Aim of the task
Your output should be the lines below from the one with "Zwei schwarze Audiokabel" through the one with "Aufkleber - large", copied exactly, pictures excluded.

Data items
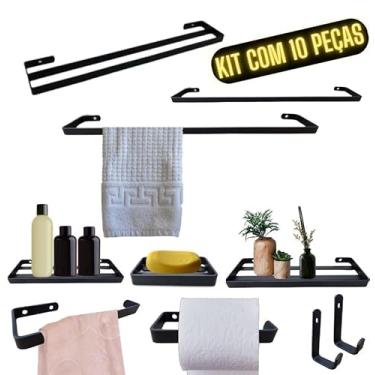 Imagem de Kit de porta toalha acessorios para banheiro com 10 peças Miamil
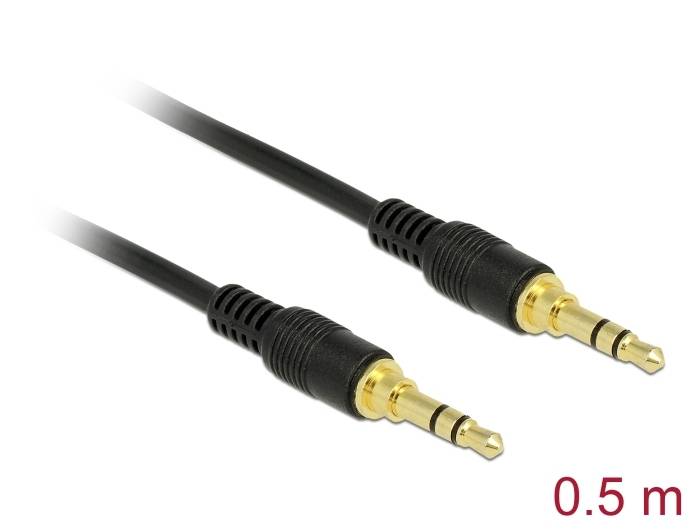 Zwei schwarze Audiokabel mit vergoldeten 3,5-mm-Steckern, jeweils 0,5 Meter lang.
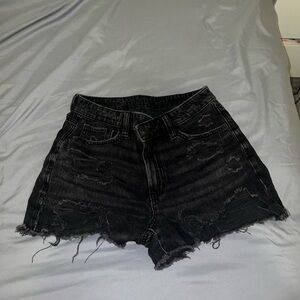 Black Distressed Shorts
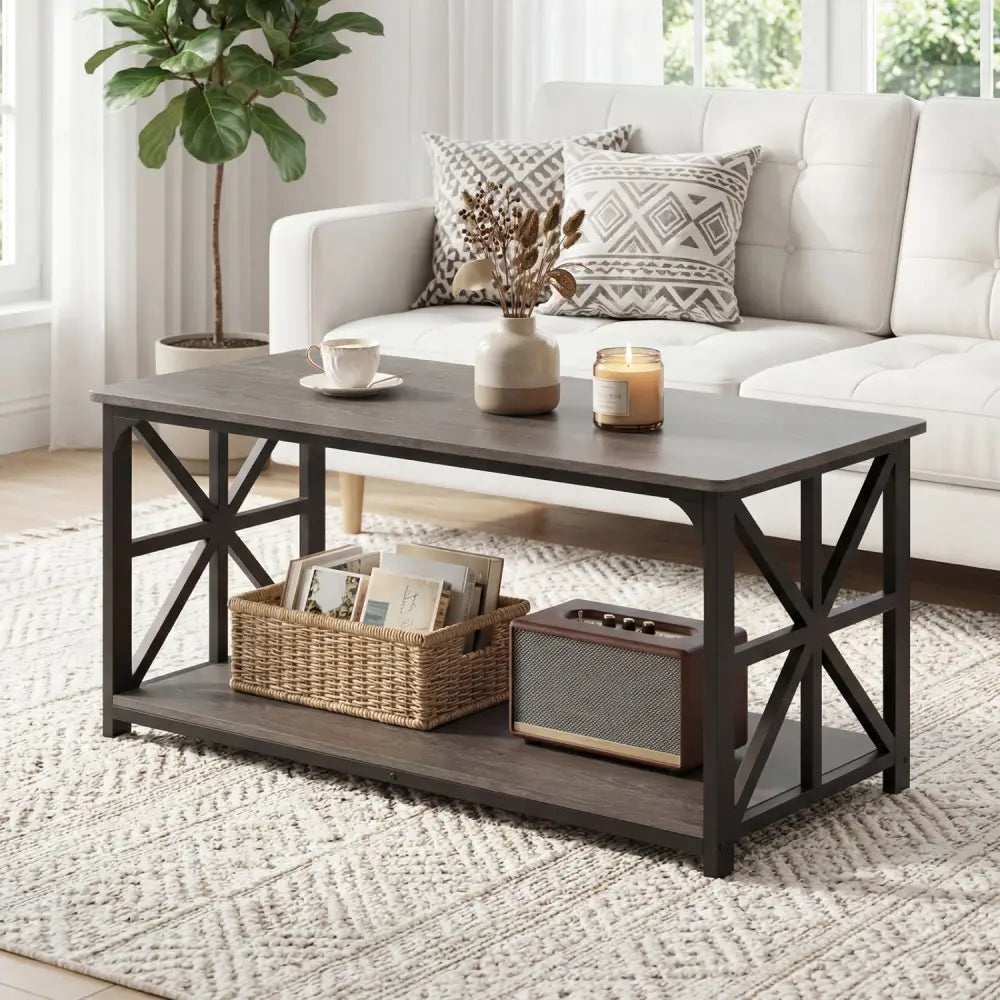 Coffee Table 2-Tier Center Table with Storage Shelf-Oak - Oak - Coffee Tables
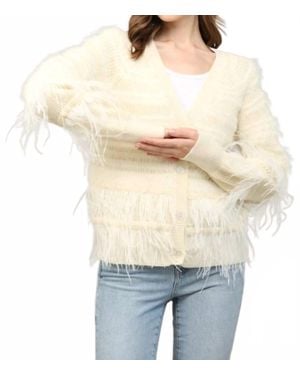 Fate Feather Trim Wool Blend Cardigan - Natural
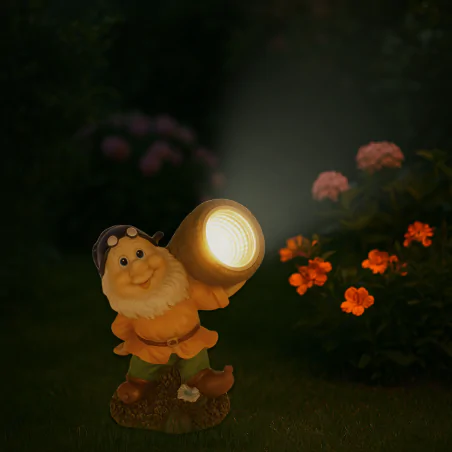 Ozdobne-oswietlenie-do-ogrodu - lampka solarna ogrodowa figurka krasnal z reflektorem dekoracja do ogrodu led vo2403 volteno 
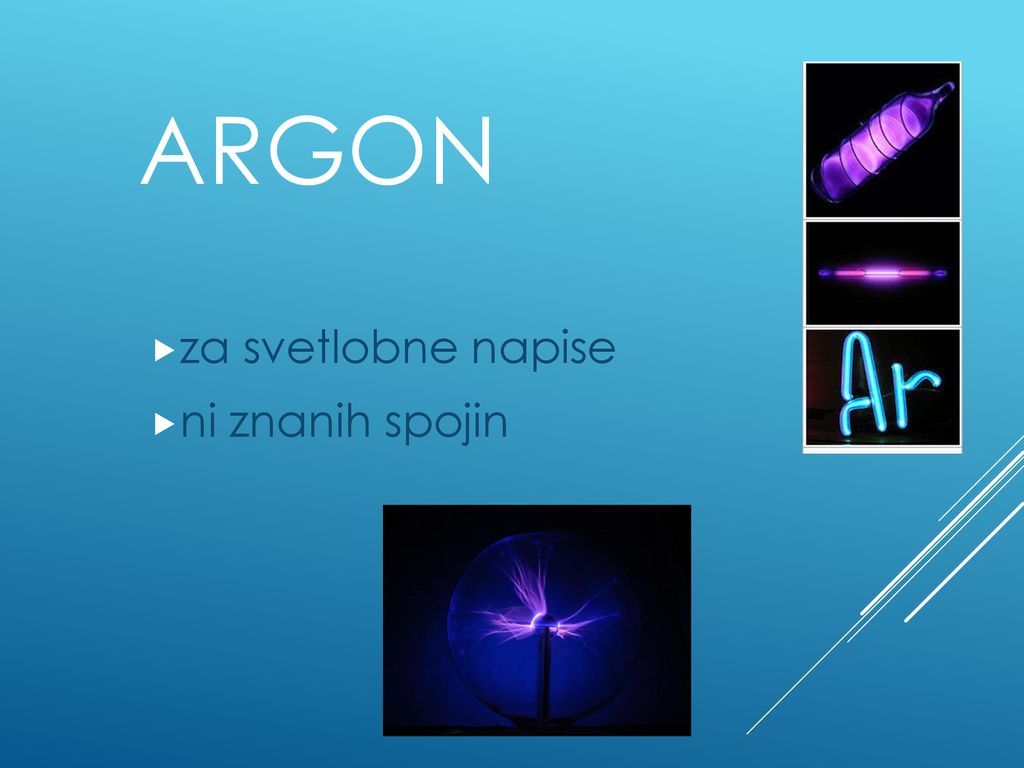 argon za svetlobne napise ni znanih spojin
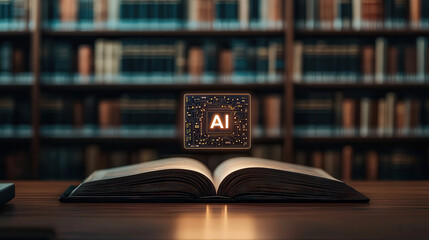 Aufkleber - large open book lies on wooden table, with AI symbol hovering above it, set against backdrop of bookshelves filled with books. This captures intersection of knowledge and technology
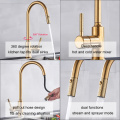 Quyanre Pull Out Kitchen Faucet Brushed Bronze Gold Kitchen Sink Water Tap 360 Rotation Kitchen Mixer Tap Single lever Mixer Tap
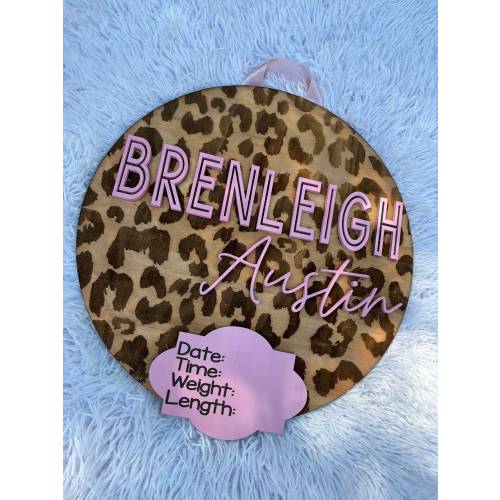 Leopard Print Hospital Door Hanger | Newborn | Baby Hospital Door Hanger | Hospital Door Hanger l Cheetah Print l Girly Door Hanger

Result
 Zwei schwarze Audiokabel mit vergoldeten 3,5-mm-Steckern, jeweils 0,5 Meter lang.
 Black Distressed Shorts
 Coffee Table 2-Tier Center Table with Storage Shelf-Oak - Oak - Coffee Tables
 Fate Feather Trim Wool Blend Cardigan - Natural
 Ozdobne-oswietlenie-do-ogrodu - lampka solarna ogrodowa figurka krasnal z reflektorem dekoracja do ogrodu led vo2403 volteno 
 argon za svetlobne napise ni znanih spojin
 Aufkleber - large open book lies on wooden table, with AI symbol hovering above it, set against backdrop of bookshelves filled with books. This captures intersection of knowledge and technology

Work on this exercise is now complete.